● REQUIREMENT:
Copy out the data exactly as it appears, without a single image.

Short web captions

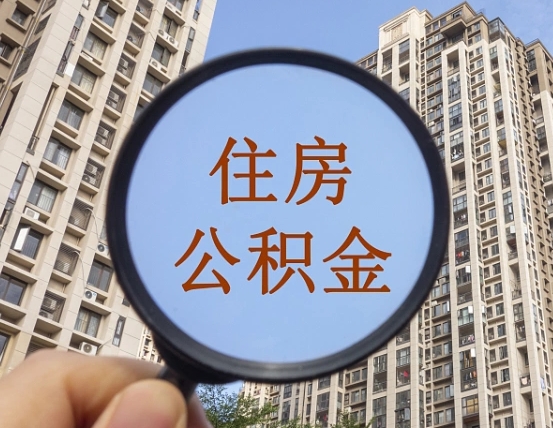 景德镇公积金如何取（这么取住房公积金）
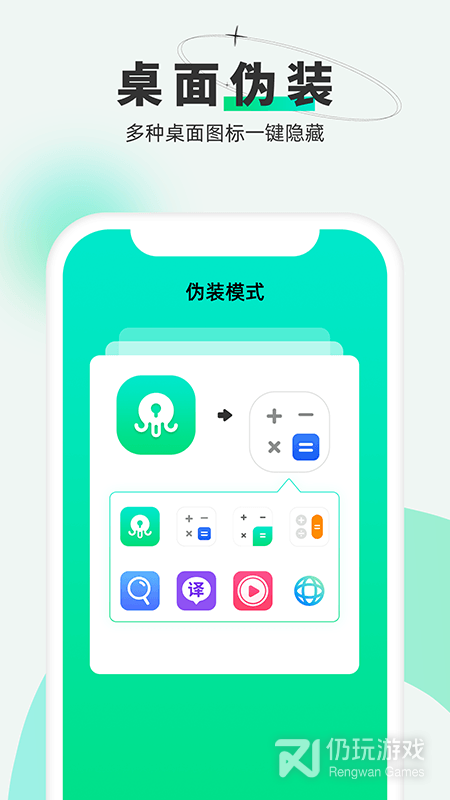 章鱼隐藏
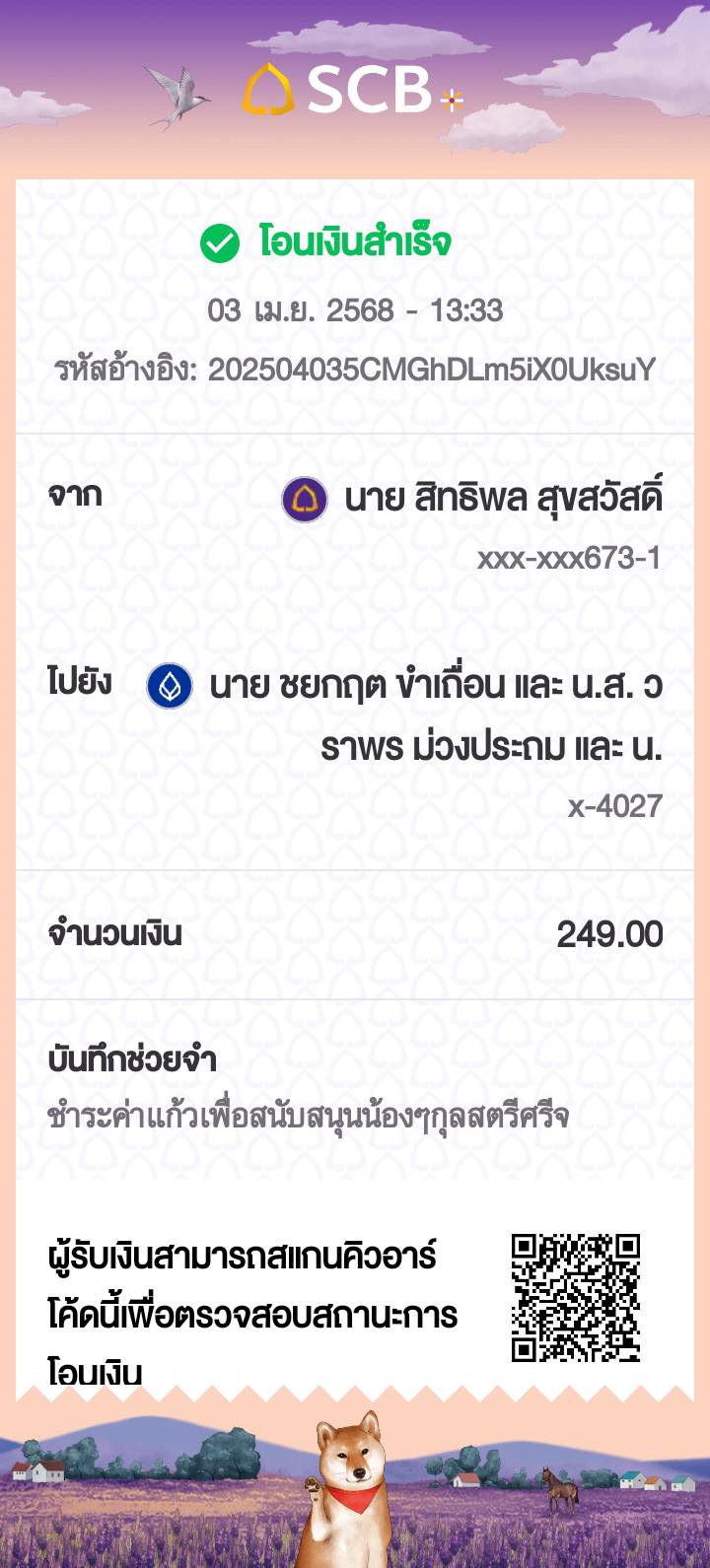 หลักฐานการโอนเงิน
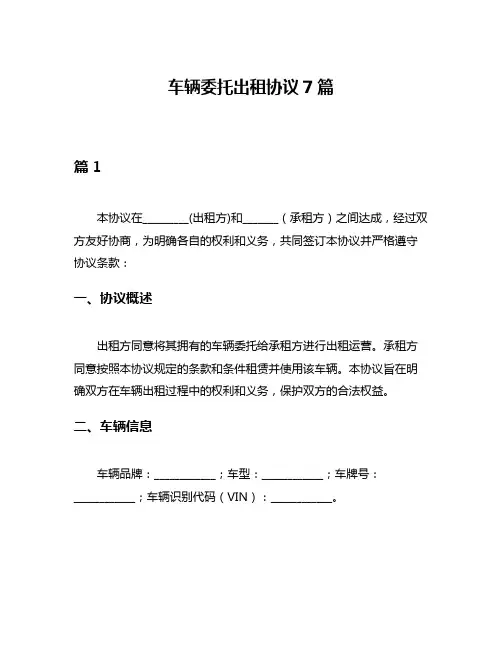 车辆委托出租协议7篇
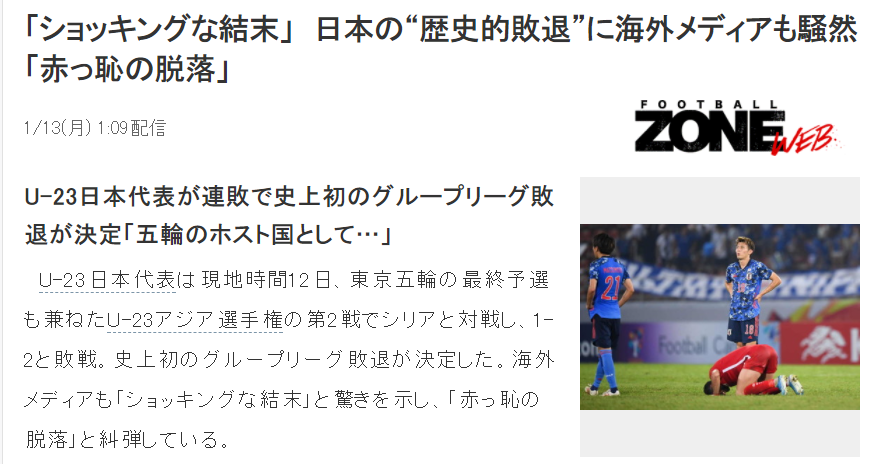 日媒炸锅了 称是历史最大耻辱 主帅道歉 球员鞠躬 我感到羞耻 腾讯新闻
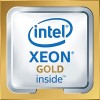 Процессор Intel Xeon Gold 6242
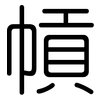 幊: Gerundet 幊: Gerundet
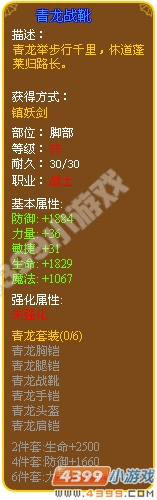 青龙战靴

● ANSWER SECTION:
 景德镇公积金如何取（这么取住房公积金）
 章鱼隐藏
 หลักฐานการโอนเงิน
 车辆委托出租协议7篇
 日媒炸锅了 称是历史最大耻辱 主帅道歉 球员鞠躬 我感到羞耻 腾讯新闻
 Процессор Intel Xeon Gold 6242
 幊: Gerundet 幊: Gerundet
 青龙战靴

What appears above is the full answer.